David Miliband is an able politician, tipped as Gordon Brown's deputy. But he needs to watch his analogies. In his recent Scarman lecture there is an odd passage in which he compares Norman Tebbit's famous "cricket test" with the Dreyfuss affair in France. Tebbit may have been over-assimilationist in hoping that immigrants would show their new national loyalty by backing the English cricket team. But can that really compare with the Dreyfuss affair—a high point of French antisemitism in which a Jewish officer was falsely accused of treason and imprisoned for years?

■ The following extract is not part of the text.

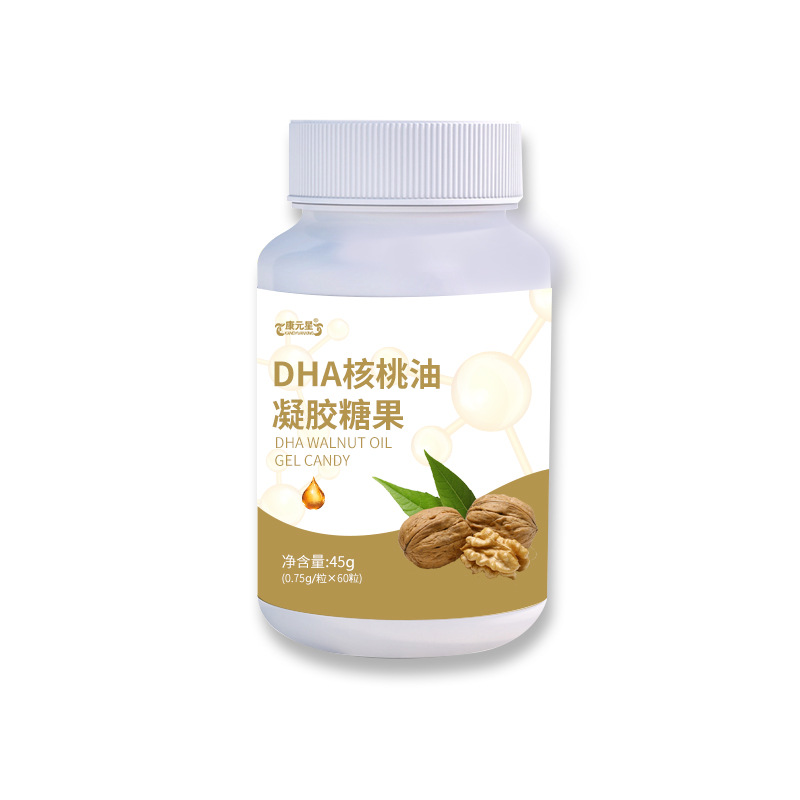 DHA核桃油凝膠糖果代加工|我負(fù)責(zé)加工生產(chǎn),你來提供制作配方!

Surely his French accusers wanted Dreyfuss excluded from the French team.
Does Canada blaze the trail?
An ageing, uncharismatic finance minister who expects to inherit the job of prime minister; an established centre-left party which has been in power for over a decade and no longer excites; a young Tory challenger who tacks leftward to beat back the fear of conservative nastiness among middle-class voters and the media; the prospect of a hung parliament. Sound familiar? Of course. This describes the situation in Canada before Stephen Harper's narrow Conservative victory over Paul Martin in the election in January. Beyond the British parallel, the more serious point is the long-standing shift towards social liberalism in the politics of many western societies. The political scientist Ronald Inglehart developed the concept of "postmaterialism" in the 1980s to describe this phenomenon. At the time, many were distracted by the neoclassical economic revolutions of Thatcher and Reagan. But the trends spotted by Inglehart slowly emerged. Only in America, where evangelical Protestants' fertility countered the liberal trend, were things different. Today, those born after 1949 dominate the media and form a majority of the western electorate. All conservative parties must bend to their wishes if they hope to be elected. Much less clear is what Gordon Brown can do to avoid Martin's fate.
Americans are better at fibs
The list of US falsifiers of fact has been lengthening in recent times, from the Stephen Glass and Jayson Blair scandals in the press to the latest explosion of part-invented memoirs (James Frey) and literary personas (JT Leroy). The New York Times has been apologising, Oprah Winfrey has been making pleas for "the truth" and publishers have been excoriated for failing to check authors' accounts. The journalistic response here in Britain tends to be a shrug, and a snort about how the NYT takes itself too seriously. But perhaps we should take ourselves more seriously. There are few arguments over the finer points of accuracy in the British press because our papers don't check facts properly and our publishers don't edit seriously. Now the US is again taking the lead with the launch of Plagiary, a journal of "cross-disciplinary studies in plagiarism, fabrication and falsification." Launched by John P Lesko (an expert on fibs and pilferings), its international editorial board includes Denis Dutton, editor of the popular website Arts & Letters Daily. Perhaps it's an idea for Oxford's Institute for the Study of Journalism, launching in September (for more details see last month's Prospect).
Competition
Labour rebels are sniffing blood. Their failure to defeat the government over the terrorism bill means that all eyes are now on the education bill, which has its second reading in mid-March. All of which seems a perfect opportunity for us to remind readers of our Christmas competition, now extended, to guess the number of votes by which the government will win (or lose) the division. Email —closest guess wins the sixth season of The West Wing on DVD.
Bank of Britain
Gordon Brown's suggestion of a "Britain day" has been unfairly mocked. But surely Gordon has, close to hand, another and rather simpler means of raising the salience of Britain. Why not order Mervyn King, Bank of England governor, to change the bank's name to the Bank of Britain? Why should one of Britain's most admired institutions (see p50) be linked only to England? And isn't it time the Celtic nations got to occupy some of the more senior posts at the Bank of Britain?
Euroscepticism in Hampstead
The Hampstead Theatre might be expected to be a second home for EU-enthusiasts, but for the past few weeks a gloomy play about Euro-idealism turned sour—Tim Luscombe's Schuman Plan—has been packing them in. One member of the audience who was not impressed was Reijo Kemppinen, the Finnish head of the EU commission office in London. "The script is hopelessly biased and Luscombe leans heavily on all the usual stereotypes," he complains.